Source data
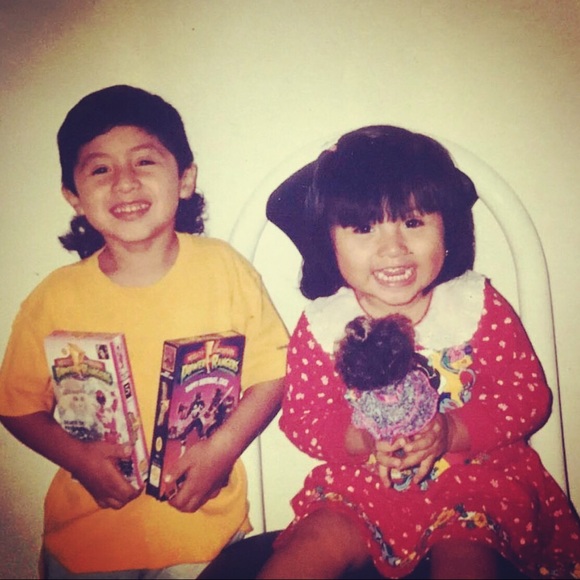 Meet your Posher, Alonso - Picture 3 of 3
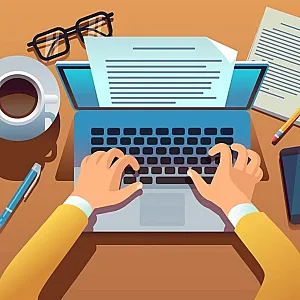 تایپفی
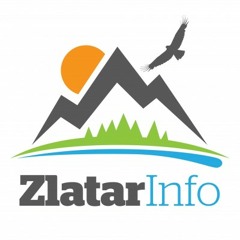 zlatarinfo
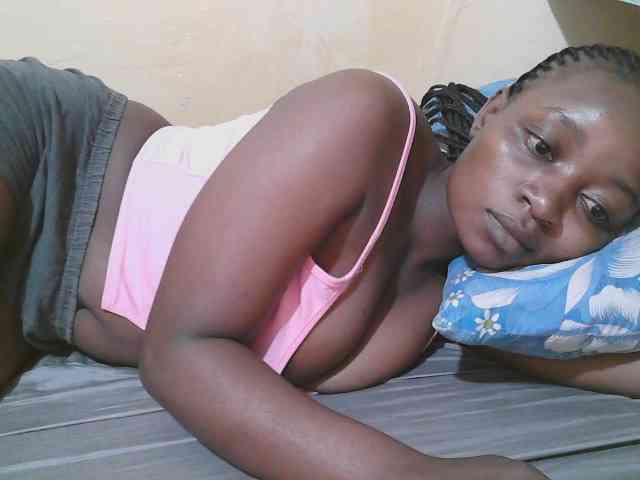 sweet-elena webcam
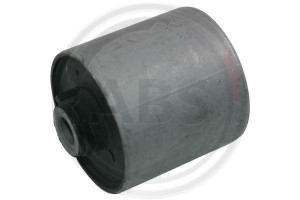 A.B.S. 270602 - Lagerung, Lenker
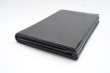 画像3: m.a+　 EXTRA LARGE WALLET　 W11-VA1.0　 col.COW LEATHER BLACK (3)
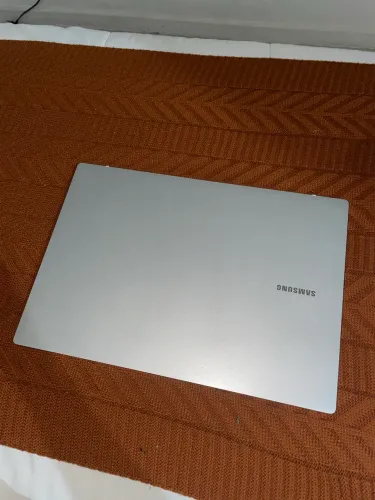 Notebook Samsung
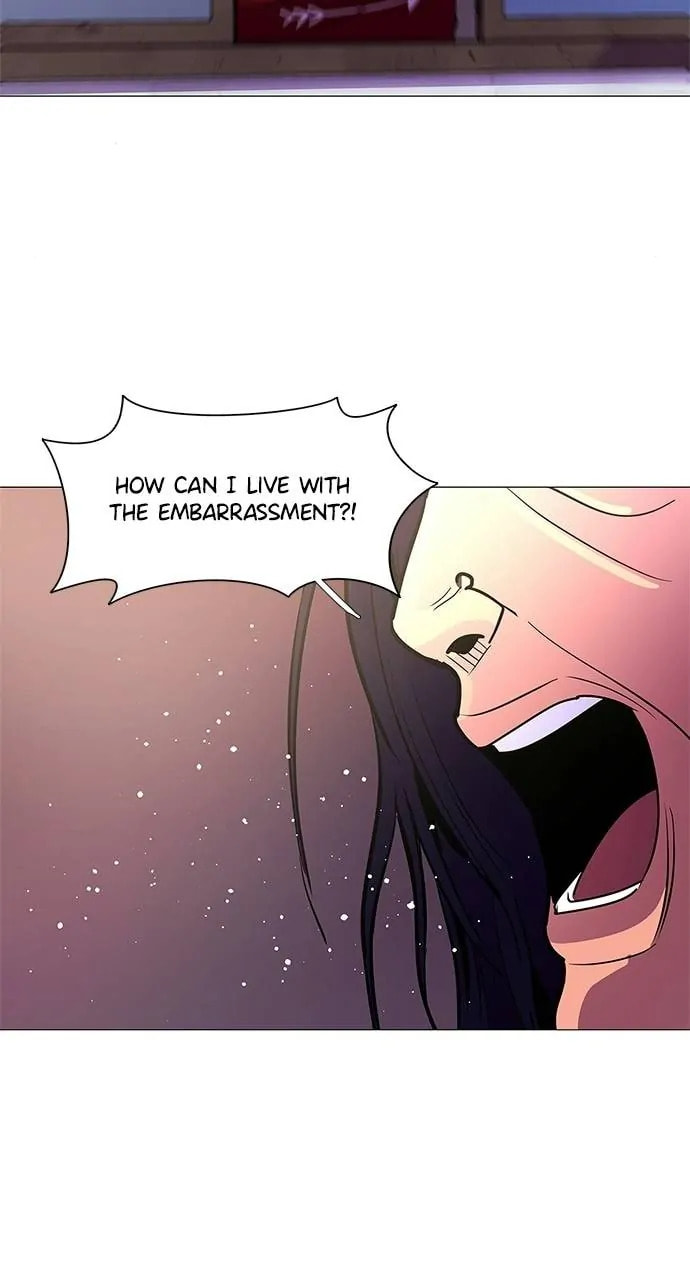 Read 1 Second chapter 101 image 59 on Lezhin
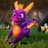 Spyro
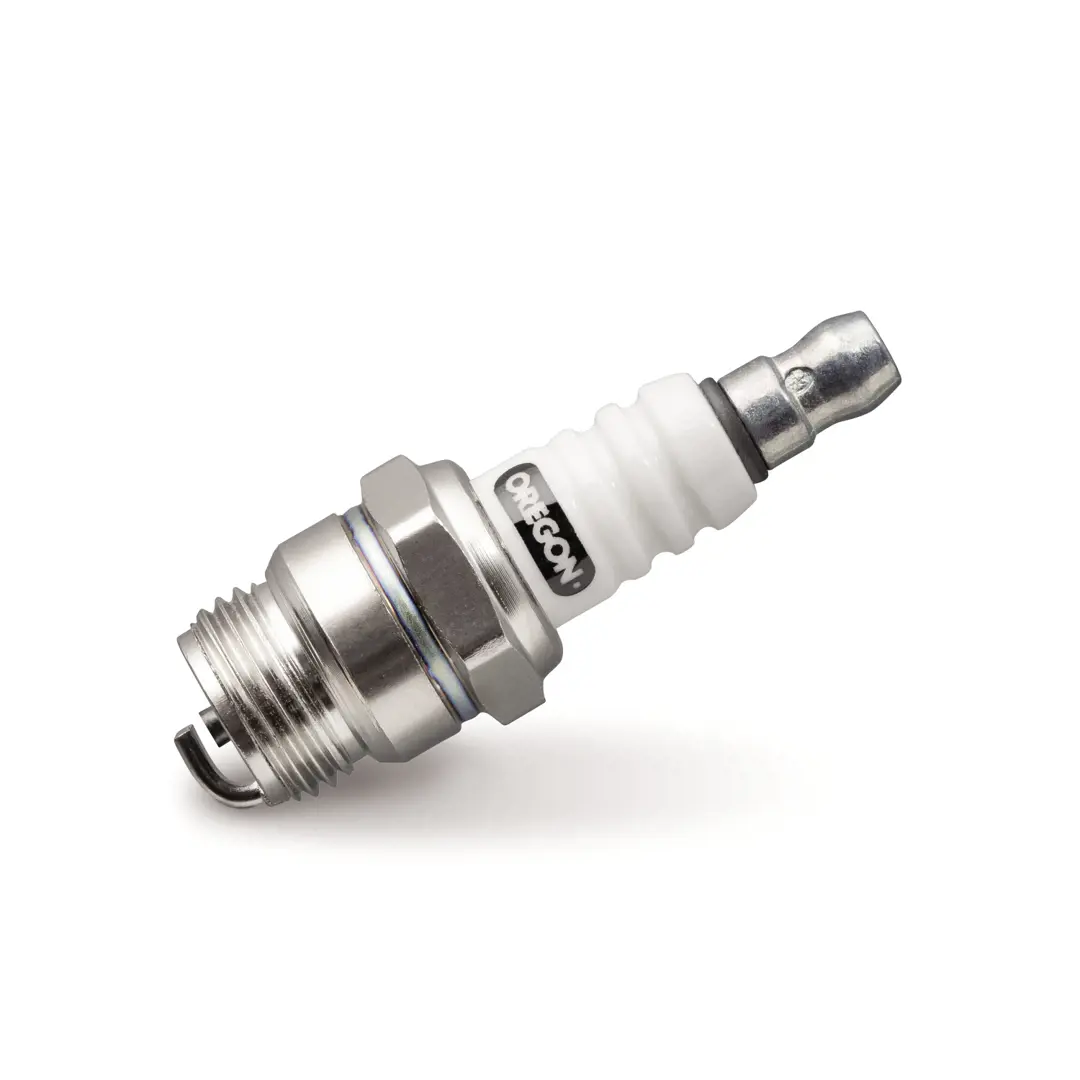 Image 1 for #77-304-1 SPARK PLUG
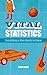 Vital Statistics: Everythin...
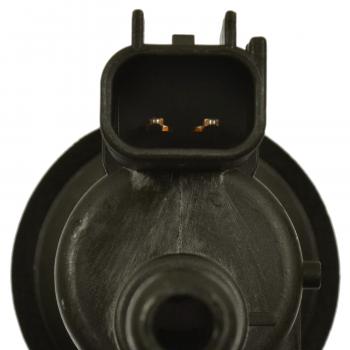 2015 Ford Fusion Vapor Canister Purge Valve BWD CPV10017 image 3 of 4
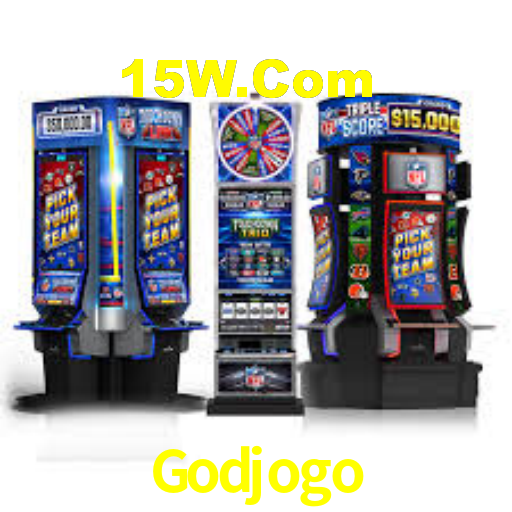 Godjogo,Godjogo.Com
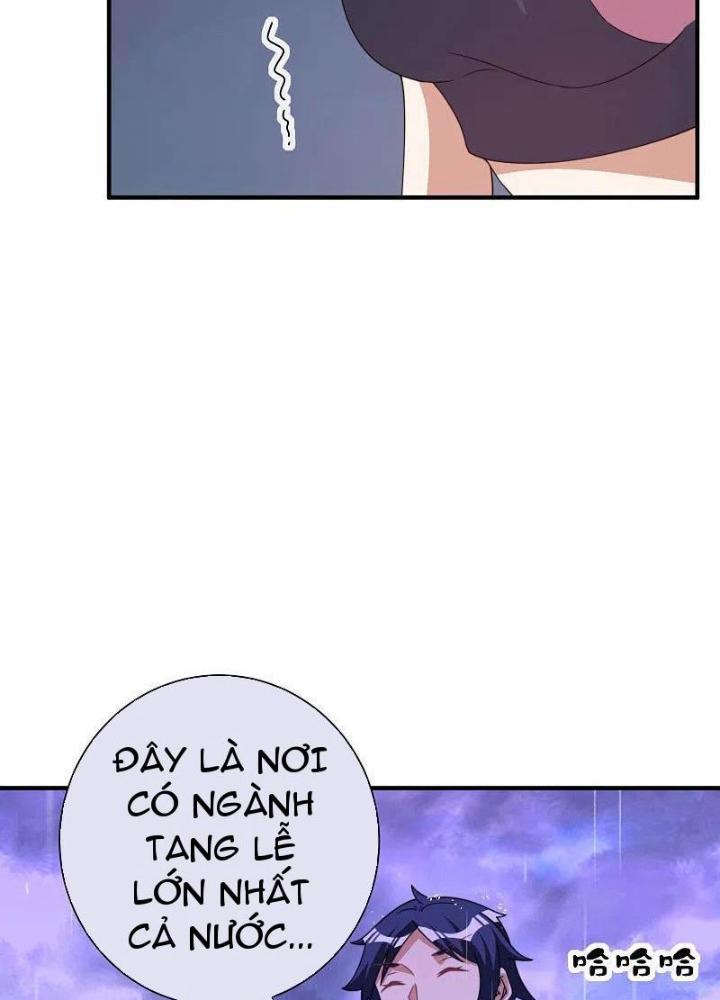 Từ Hôm Nay Bắt Đầu Làm Người Giàu Nhất Chapter 242 - Trang 2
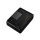 Canon SELPHY CP1300 Czarna - 379431 - zdjęcie 4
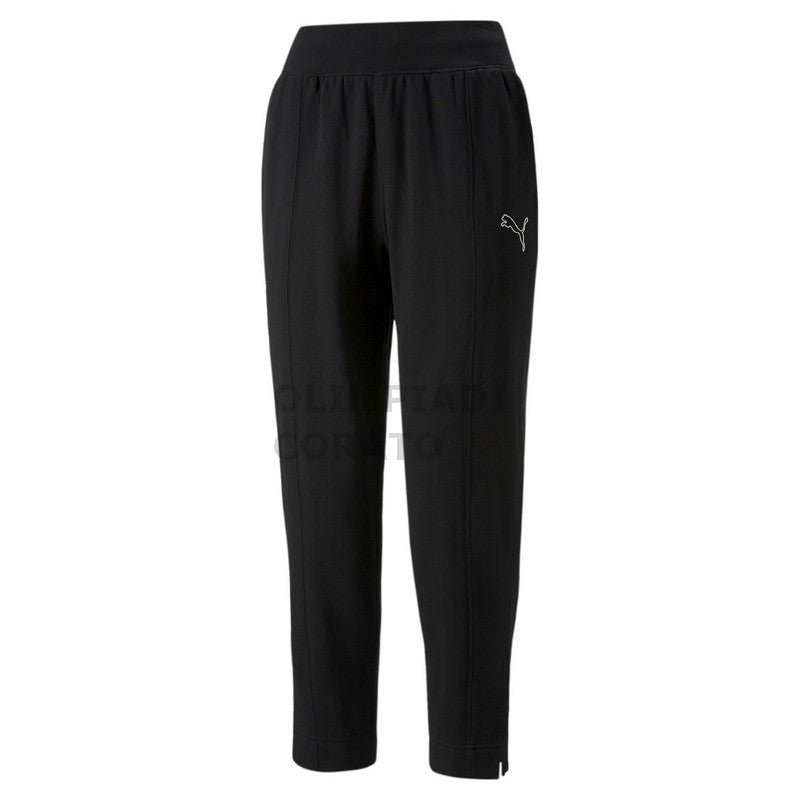 PANTALONE HER HIGH-WAIST PUMA W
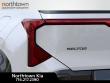 2027 Kia Seltos X-Line S SUV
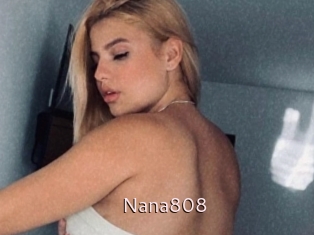 Nana808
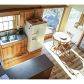 362 Deerfield Drive, Dahlonega, GA 30533 ID:5644882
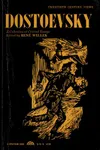 Dostoevsky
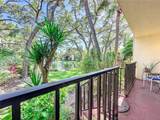 3438 Wood Owl Circle - Photo 26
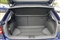 Audi A1 Image 9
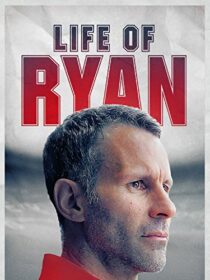 دانلود فیلم Life of Ryan: Caretaker Manager 2014396222-1869167527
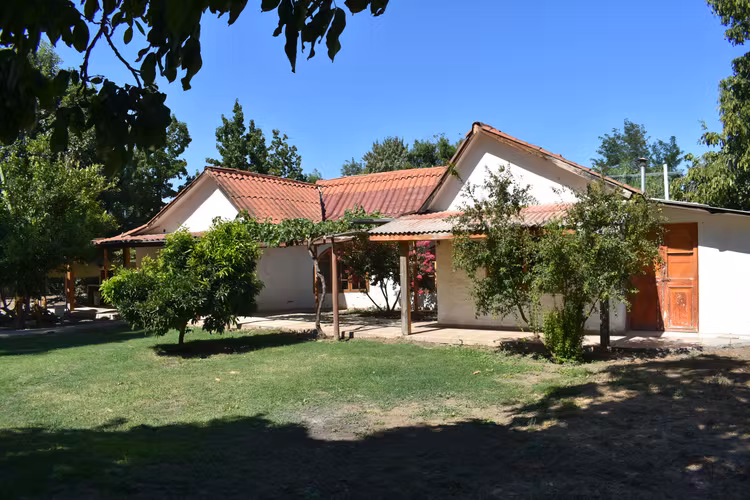 Hermosa Casa de Campo - Imagen 7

The task: Please copy every record above exactly, but leave the pictures out.

Solution to this problem:
 Meet your Posher, Alonso - Picture 3 of 3
 تایپفی
 zlatarinfo
 sweet-elena webcam
 A.B.S. 270602 - Lagerung, Lenker
 画像3: m.a+　 EXTRA LARGE WALLET　 W11-VA1.0　 col.COW LEATHER BLACK (3)
 Notebook Samsung
 Read 1 Second chapter 101 image 59 on Lezhin
 Spyro
 Image 1 for #77-304-1 SPARK PLUG
 Vital Statistics: Everythin...
 2015 Ford Fusion Vapor Canister Purge Valve BWD CPV10017 image 3 of 4
 Godjogo,Godjogo.Com
 Từ Hôm Nay Bắt Đầu Làm Người Giàu Nhất Chapter 242 - Trang 2
 Canon SELPHY CP1300 Czarna - 379431 - zdjęcie 4
 PANTALONE HER HIGH-WAIST PUMA W
 2027 Kia Seltos X-Line S SUV
 Nana808
 362 Deerfield Drive, Dahlonega, GA 30533 ID:5644882
 Dostoevsky
 3438 Wood Owl Circle - Photo 26
 Audi A1 Image 9
 دانلود فیلم Life of Ryan: Caretaker Manager 2014396222-1869167527
 Hermosa Casa de Campo - Imagen 7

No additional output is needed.